Insoweit diese, ziffernmäßig aus dem Nichtigkeitsgrund der Z 10 des § 281 Abs 1 StPO, zu Punkt 1.) des Schuldspruches als Feststellungsmangel in bezug auf die subjektive Tatseite des Tatbildes des Verbrechens der absichtlichen schweren Körperverletzung nach § 87 StGB geltend macht, daß aus den Verfahrensergebnissen 'zwingend zu schließen gewesen wäre, daß der Angeklagte die Absicht hatte, B eine schwere Schnittverletzung zuzufügen', führt sie zwar die Rechtsrüge nicht dem Gesetz gemäß aus, denn sie bemängelt der Sache nach damit nicht das Unterlassen einer durch die Ergebnisse der Hauptverhandlung indizierten Tatsachenfeststellung, sondern behauptet die Unrichtigkeit einer gegenteilig getroffenen Urteilsannahme.

Das Erstgericht hat nämlich in seinen Feststellungen, an denen bei Ausführung eines materiellen Nichtigkeitsgrundes festgehalten werden muß, eine Absicht des Angeklagten, Erich B (und Johann C) schwer zu verletzen, ausdrücklich verneint (S. 220, 224).

Hingegen ist die Beschwerde des öffentlichen Anklägers im Recht, wenn sie - damit der Sache nach den Nichtigkeitsgrund der Z 5 des § 281 Abs 1 StPO zur Darstellung bringend - dem Ersturteil auch zum Vorwurf macht, es habe sich nicht damit auseinandergesetzt, 'warum es (bei dem von ihm konstatierten objektiven Hergang des Geschehens) dennoch vermeint, eine Absicht (des Angeklagten im Fall Punkt 1 des Schuldspruches), schwer zu verletzen, nicht annehmen zu können' (S. 234).

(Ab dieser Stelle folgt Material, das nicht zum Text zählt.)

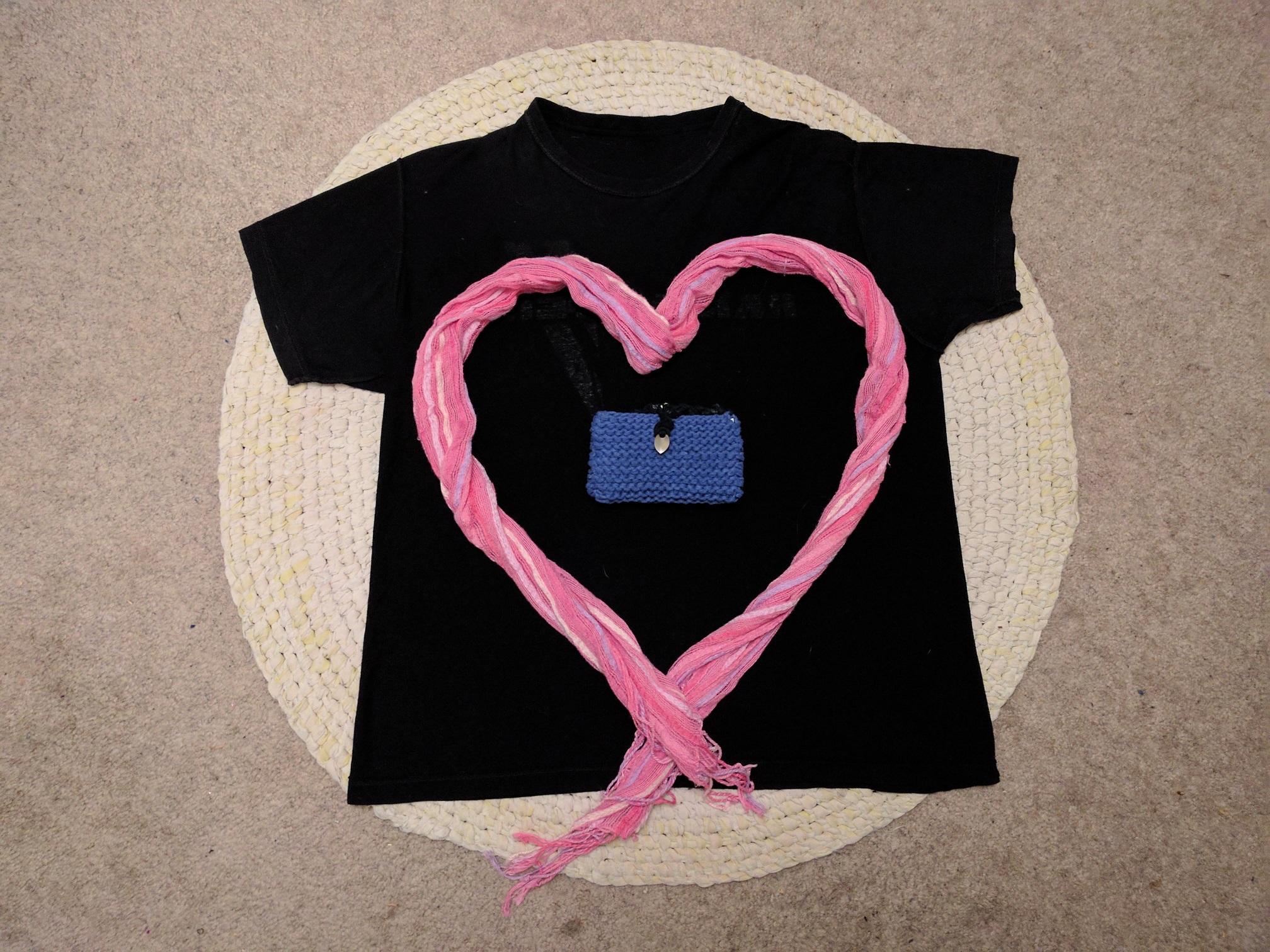 A tshirt on a knitted rug, with a pink heart drawn in the center with a scarf, and the blue envelope in the middle.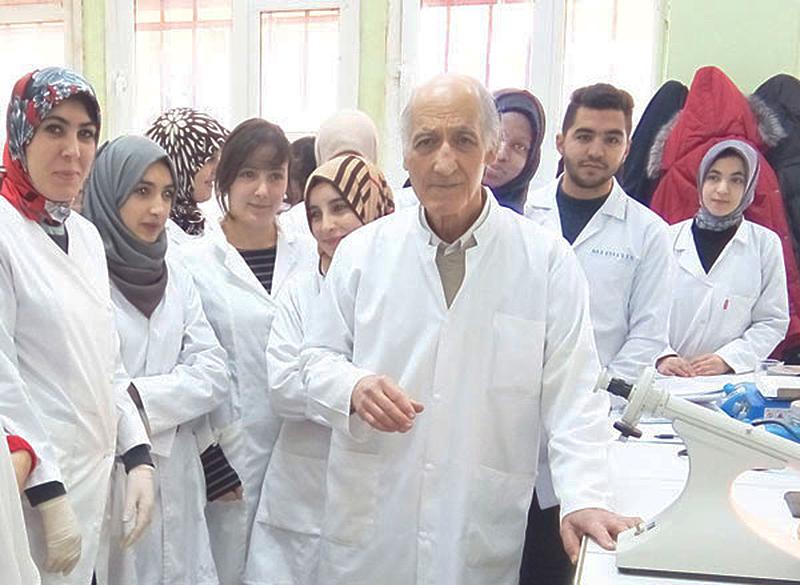 TWAS Fellow Mustapha Benmouna of Algeria with students in his lab. [Photo provided]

Tatsächlich ist die Begründung des Erstgerichtes für die Verneinung einer Absicht (§ 5 Abs 2 StGB) des Angeklagten, Erich B durch den Bauchstich schwer zu verletzen (S. 224), worauf die nach § 87 Abs 1 und 2 StGB erhobene Anklage gerichtet war, offenbar nur unzureichend und unvollständig. Dies deshalb, weil bei der konkreten Fallgestaltung, wie die Staatsanwaltschaft mit Fug hervorhebt, das äußere Tatverhalten, nämlich der offensichtlich wuchtige Stich mit einem lebensgefährlichen Mittel in den Unterleib im Bereich lebenswichtiger Organe (vgl. auch die Länge des Stichkanals von 8 cm - S. 36 in ON. 25) im Zusammenhalt mit dem festgestellten Bewußtsein des Angeklagten, daß mit dem Messer schwere Verletzungen herbeigeführt werden können, nahelegt, daß es dem Täter darauf angekommen sein konnte, nicht bloß irgendeine, sondern eine schwere Verletzung herbeizuführen (vgl. auch 13 0s 46/79, 12 0s 84/78). Es ist daher das Ersturteil in Ansehung der subjektiven Tatseite im Punkt 1 des Schuldspruches mit einem - den Nichtigkeitsgrund der Z 5 des § 281 Abs 1 StPO verwirklichenden -

formellen Begründungsmangel behaftet, weshalb sich die Nichtigkeitsbeschwerde der Staatsanwaltschaft als berechtigt erweist.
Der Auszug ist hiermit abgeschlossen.